More substantively, in the past when I was involved in negotiating the Uruguay round, for example, one thing that disturbed me was the difficulty of becoming accountable to the House—then the House of Commons—for what I was doing. It is quite difficult for Ministers to be accountable for something that they are negotiating, because they can always come back and say, “We got the best possible deal. If it hadn’t been for my brilliant negotiation, it would be even worse”. It is very hard for the House to respond to that. That left me feeling uneasy. If we can find a way to ensure that negotiations are properly reported, assessed and held accountable to the House, that is a good thing. One of the bad consequences of them not being accountable is that officials did not take the job of being accountable to Parliament at all seriously. They felt they were accountable to the international organisations with which they were negotiating. One needs to be worried about that and it is why it is important that we have accountability. If Parliament holds Ministers accountable, officials will be responsive to Ministers and to what the House wants—not to what international organisations and their peers in other organisations want.

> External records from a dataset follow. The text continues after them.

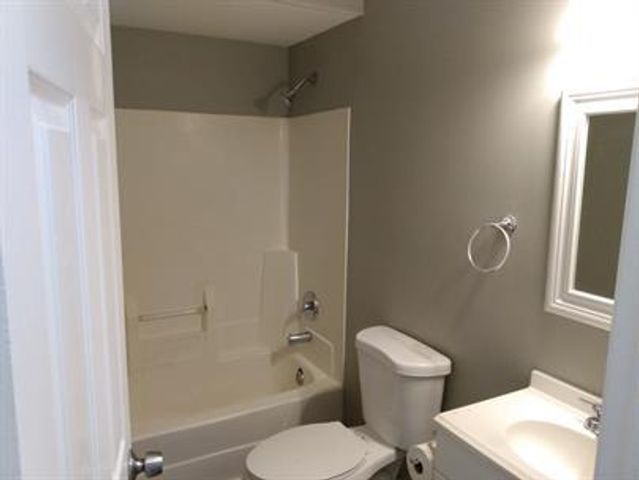 3301 Colgate Avenue 3301, Zion, IL 60099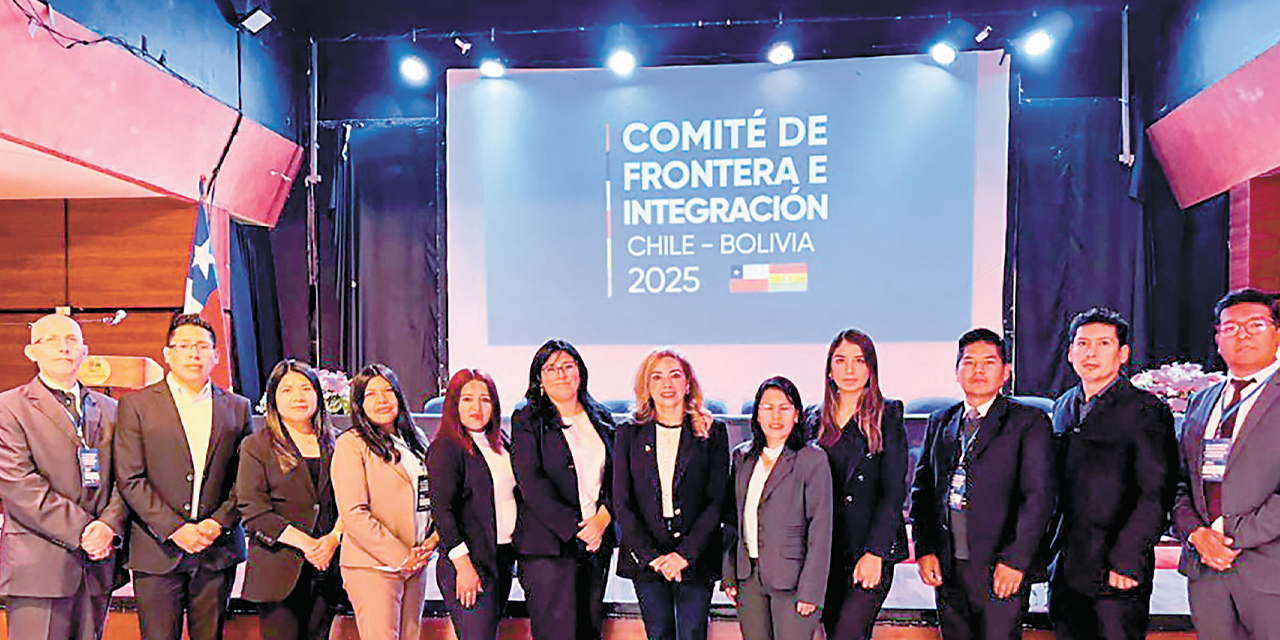 Encuentro sobre integración y fronteras entre Bolivia y Chile, en Arica.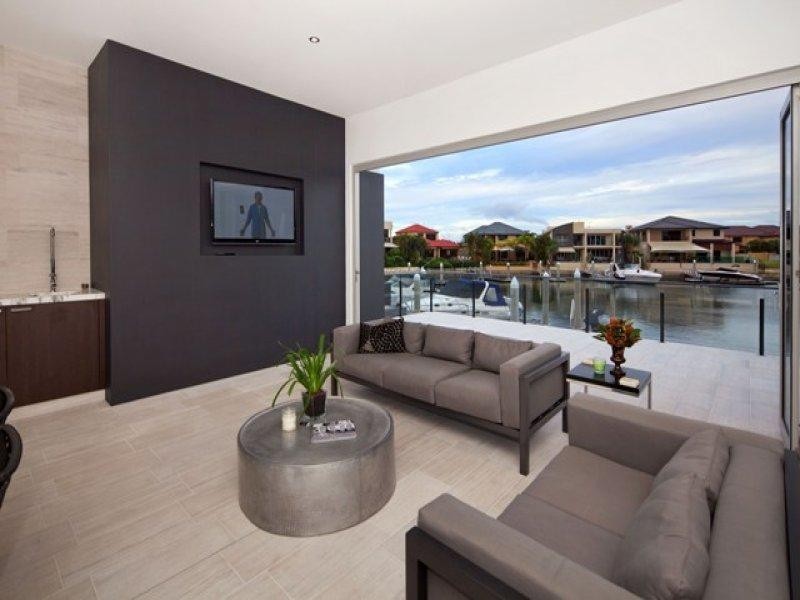 2 – 4 Kensington Mews, Paradise Point QLD 4216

That is not a party-political point. When I made that point in the Commons, my Labour opposite number came up and said it was exactly the sort of thing she experienced, not in trade matters but in other matters. Where she was not responsible to the House, officials did not take that responsibility seriously. The noble Lord and his colleagues are on to something important with their approach, which I prefer to the simplicity of the approach of my noble friend Lady Neville-Rolfe. When we have our independent trade policy, it will be important to find ways to hold Ministers to account.